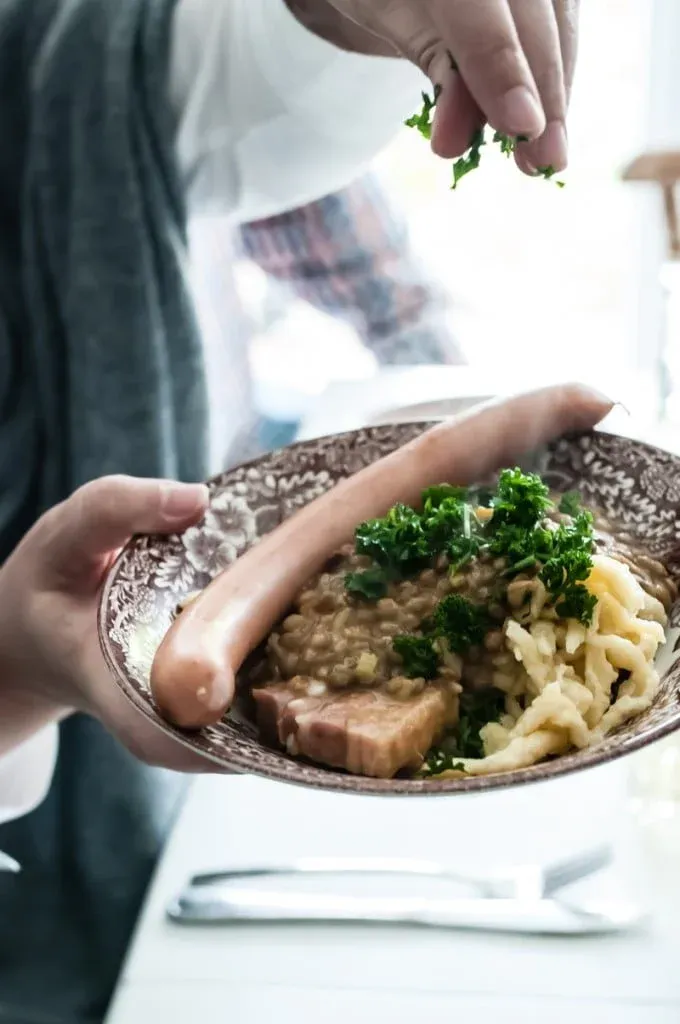 Schüssel mit Linsen und Spätzle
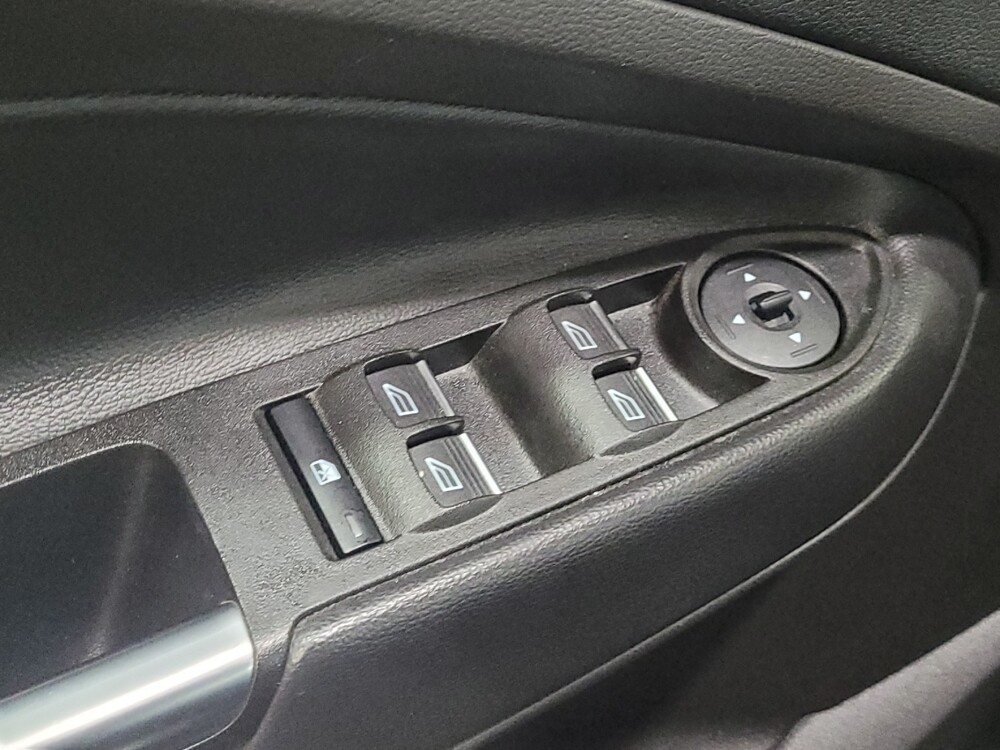 2017 Ford C-MAX in Temple Hills, MD 20746 - 18087134 27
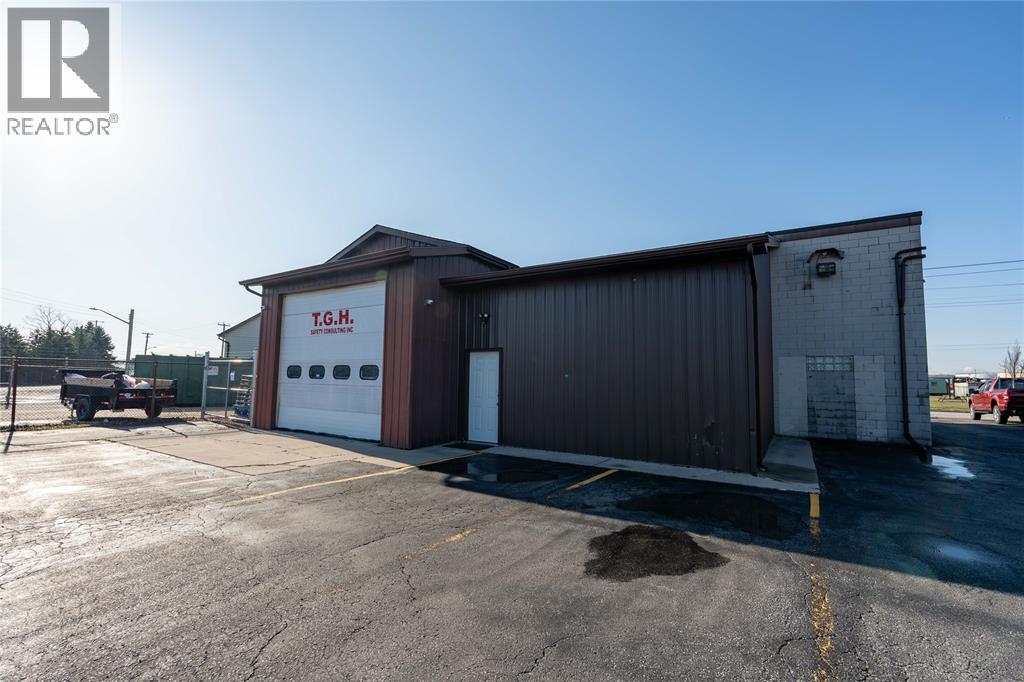 800 CAMPBELL STREET, Sarnia — photo 5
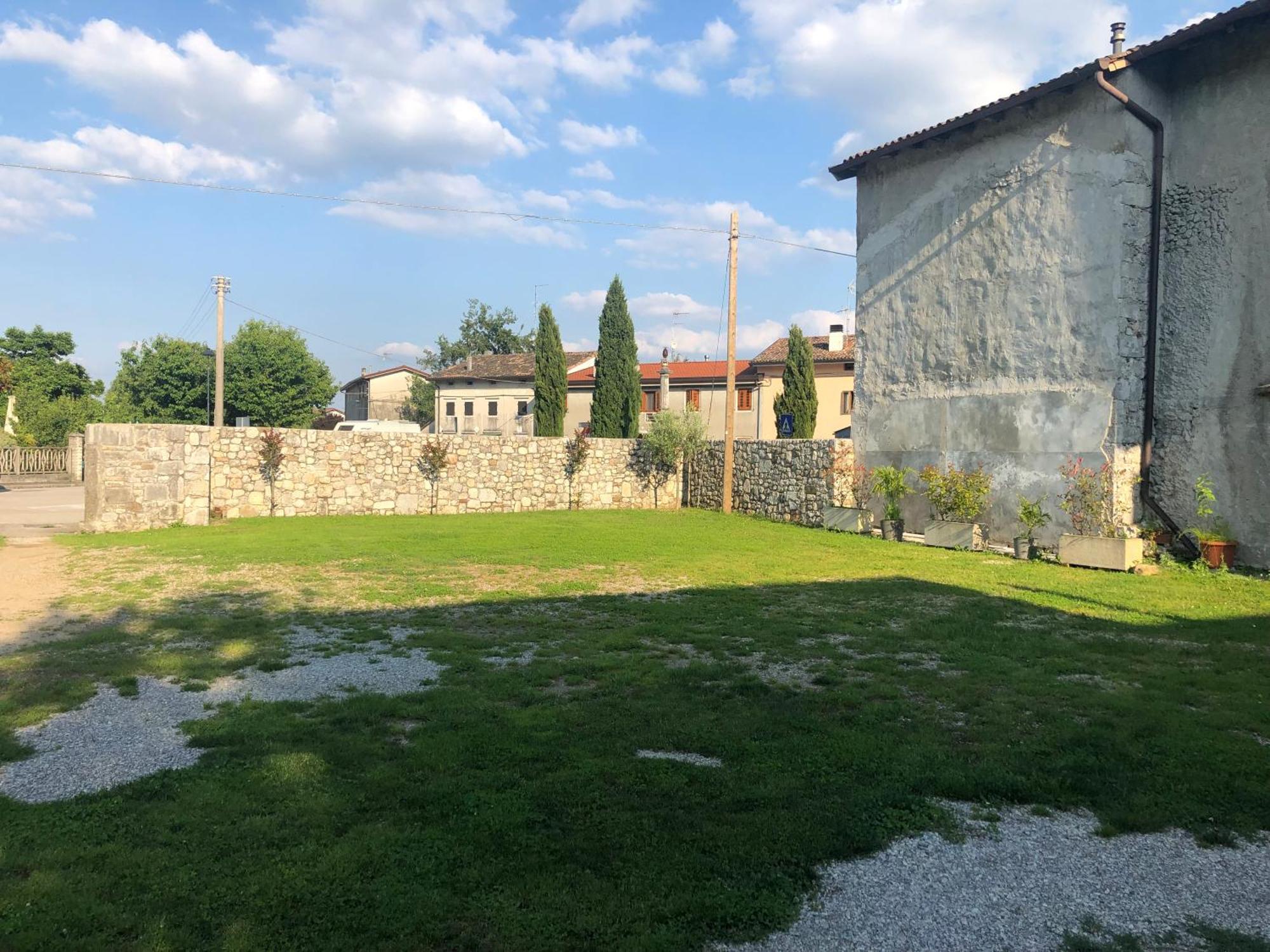 Affittacamere Al Castello Travesio ภายนอก รูปภาพ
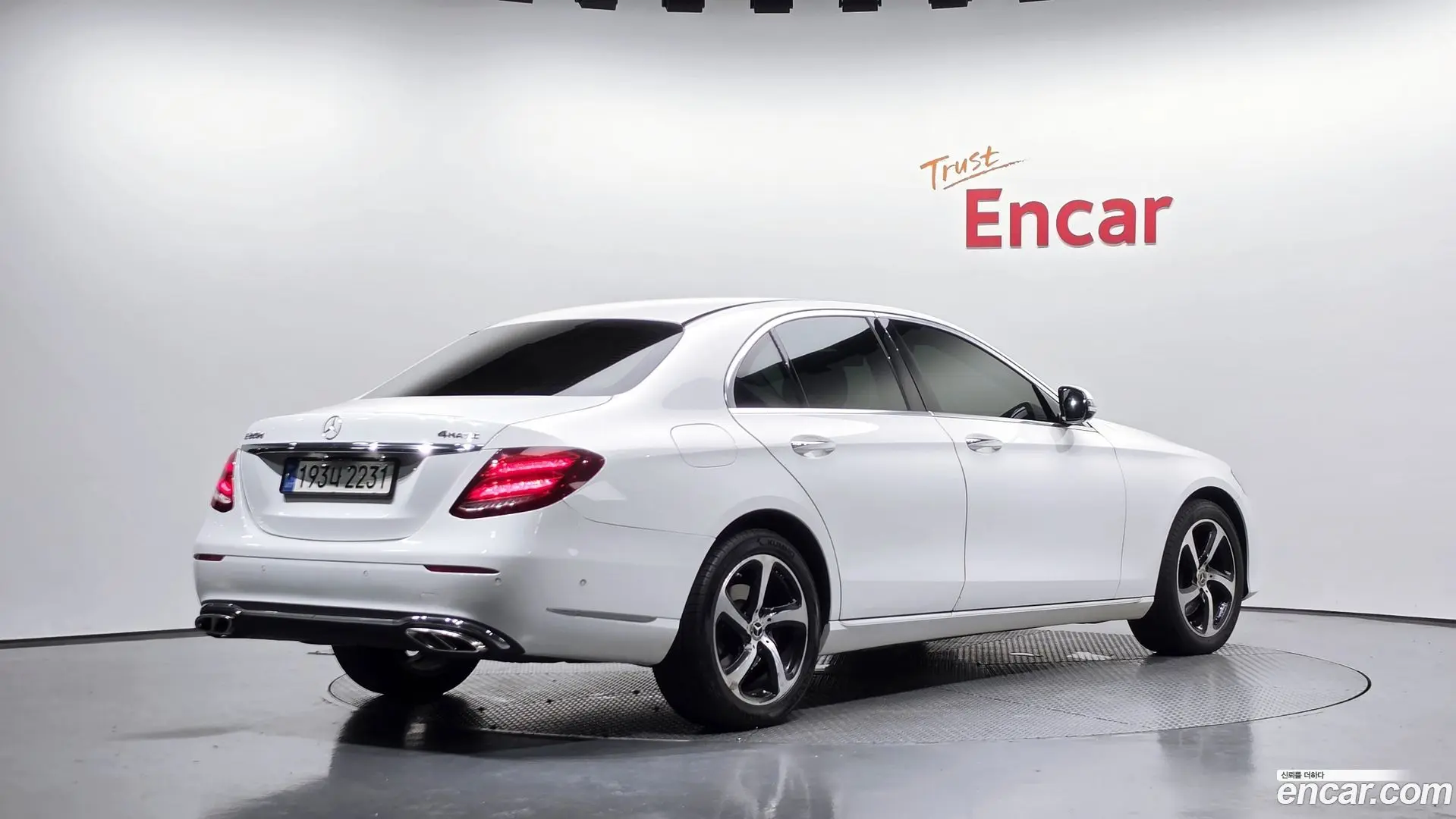 Main__Slider__Photo:E-Class Mercedes-Benz 2018.1-1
::::
- _What you will do_:
Any picture among the entries must be skipped; copy all else exactly.

- _Answer to this task_:
 Schüssel mit Linsen und Spätzle
 2017 Ford C-MAX in Temple Hills, MD 20746 - 18087134 27
 800 CAMPBELL STREET, Sarnia — photo 5
 Affittacamere Al Castello Travesio ภายนอก รูปภาพ
 Main__Slider__Photo:E-Class Mercedes-Benz 2018.1-1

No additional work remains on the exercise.